Without simultaneous website posting, it’s not fair disclosure
More to the point, Regulation FD requires simultaneous disclosure to the public when management intentionally discloses material non-public information to analysts and investors in a private setting. Those professional investors and analysts who have direct access to wire service feeds are in a private setting and so companies are obligated to ensure that the information in the feed is simultaneously accessible to the general public.
One way to do this, of course, is to ensure that material news is posted on the company website simultaneously to it being released via a PR wire service. This will give anyone the opportunity to access the information at the same time as those who currently have privileged access via expensive subscription services.
However, very few companies post news releases directly to their websites, and I know of only one (Sun Microsystems) that does it at the precise moment that the same information is released on a paid newswire service. About 75% of companies today have arranged for news releases distributed via their wire services to automatically appear on their sites in much the same way they appear on Yahoo! Finance, which involves the same typical delays.
Indeed, sometimes companies’ investor relations websites are the last places to post material news. For example, Cisco’s earnings announcement on November 5 was only available on its investor relations website 7 minutes after it was released via Marketwire. It also was slow in being posted to Yahoo! Finance, appearing 4 minutes after the 4:05pm ET release time.
In effect then, when almost all US companies issue material news today, they are providing it to a select few investors for the first one to four minutes, which clearly is not fair disclosure.

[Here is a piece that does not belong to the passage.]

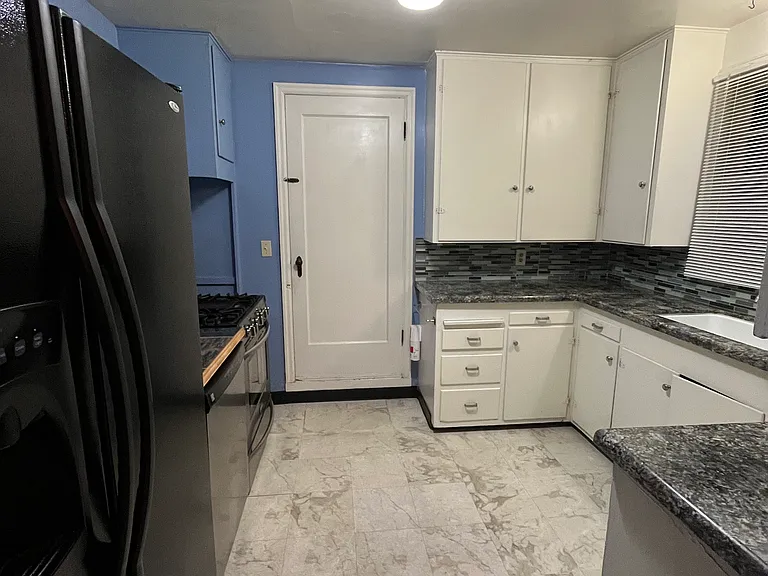 5824 NE 35th Ave — Photo 9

So unless you are posting your news releases on your IR website at the very instant that they are released via a wire service, you are not disclosing information fairly. And you should be in a position to prove what information your company released on its website, when it did so, how that information was displayed, and that investors knew it was there.
We have outlined a process for scheduled disclosures that any company can adopt to ensure that it is meeting Reg. FD requirements while using its website as its primary disclosure channel.
If you want to continue sending full-text earnings releases via the wire services, please continue to do so, but it’s not going to help you comply with Reg. FD and may even be contrary to the regulations if you’re not taking steps to ensure the same information is simultaneously available to the public at large.
Because, as you now know, PR wires are neither fair nor simultaneous.